■ **What you will do**
Copy out each entry precisely; no image belongs in the result.

Image-text web data:
—————

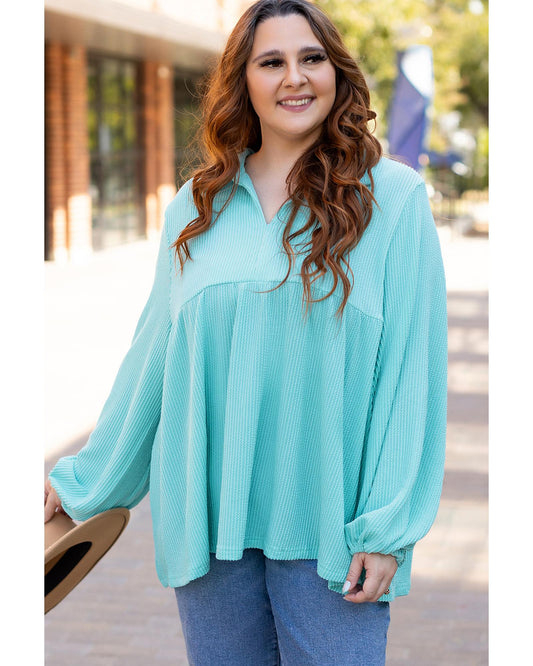 Plus size Balloon Sleeve Collar Babydoll Top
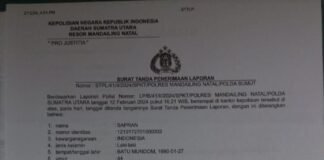 Pak Kapolres Tangkap Pelaku Perusakan Tanaman sawit dikebun saya.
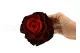 Preserved Mandala Rose XXL Tie-n-dye Red 5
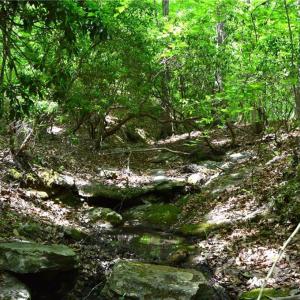 Photo #25 of Hilltop View, Germanton, NC 75.0 acres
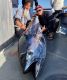 Biggest bluefin tuna ever taken off California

—————

■ **Solution to this problem**
 Plus size Balloon Sleeve Collar Babydoll Top
 Pak Kapolres Tangkap Pelaku Perusakan Tanaman sawit dikebun saya.
 Preserved Mandala Rose XXL Tie-n-dye Red 5
 Photo #25 of Hilltop View, Germanton, NC 75.0 acres
 Biggest bluefin tuna ever taken off California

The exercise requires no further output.